Como hay lectores para todos los gustos, habrá quienes
prefieran esas confidencias. Afortunadamente, no abundan y se entremezclan en el
“dietario apócrifo” con otras anotaciones que nos devuelven al mejor Conget: su
despedida a Peter Bogdanovich y Sidney Poitier, que murieron el mismo día, o su
vuelta –por enésima vez, pero nunca nos cansa--a los días neoyorquinos: “Hace
unos cuantos años el Instituto Cervantes de Nueva York, donde yo ejercía de
jefe de actividades culturales, se impuso la tarea de comprar un edificio digno
y espacioso que nos evitara el altísimo alquiler en la octava planta del
rascacielos Chanin, entre la Avenida Lexington y la calle 42”. Él se propuso
dotarlo de una gran biblioteca y ese el pretexto para hablarnos de su propia
biblioteca y de las de algunos de sus amigos.

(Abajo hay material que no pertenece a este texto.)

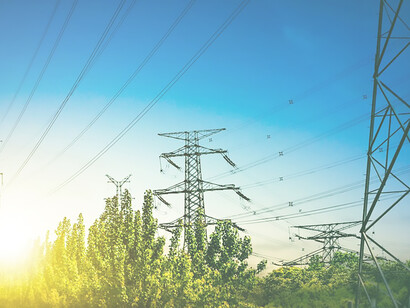 The complex dynamics of geopolitics, energy resources, and international relations depicted in a compelling image of a high voltage post, showcasing the strategic importance of oil and gas amidst global power shifts and diplomatic negotiations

Una sección del libro, como parece propio de un western
crepuscular, está dedicada a las necrológicas, que en Conget afortunadamente
son algo más que la habitual y plana hagiografía del difunto. Hay una
bienhumorada burla de la infantil vanidad de Carlos Edmundo de Ory (vuelve a
aparecer en “Estrategias de Narciso” junto a Nicanor Parra), una semblanza muy
personal de Ana María Navales, un agradecimiento especial a Luis Gasca, “el
hombre de las mil fichas”, que le permitió descubrir que la lectura de tebeos,
una vez abandonada la infancia, no era solo “un placer culpable”, como tampoco
lo es su admiración por John Wayne.
Es posible que Conget no sea del todo preciso en algún
dato, que los tres mil libros a los que Gil de Biedma limitara su biblioteca no
fueran tres mil, sino trescientos, y que quizá muestre excesiva fobia contra algún
escritor como José María Pemán, que fue solo el autor del Poema de la bestia
y el ángel, pero son detalles que importan poco o nada en este lúcido
divagar que trata de no condescender a la queja o a las agoreras profecías
sobre el mundo contemporáneo, y que casi siempre lo consigue.

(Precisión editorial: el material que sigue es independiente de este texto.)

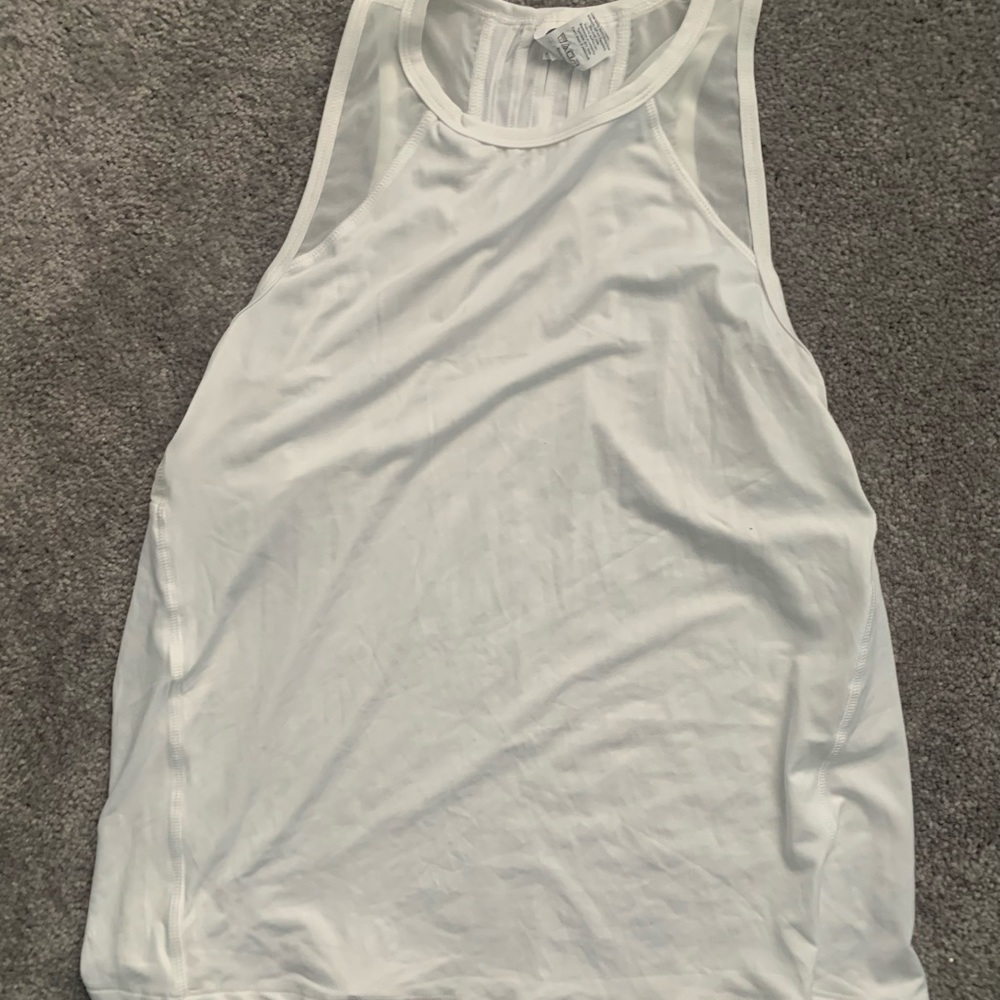 Champion white tank new never worn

Casi siempre: tras indicar que las salas de cine han constituido para él “una burbuja de felicidad”, añade: “Me alegro de que por mi edad no seré testigo de la más que segura desaparición de los cines”. Estoy en condiciones de tranquilizarle: ningún indicio hay de que las salas de cine, al igual que los libros en papel (también muy propicios a jeremiadas) vayan a desaparecer ni a medio ni a largo plazo, aunque siempre puede ocurrir que un meteorito caiga sobre la tierra y se hagan polvo a la vez que los espectadores.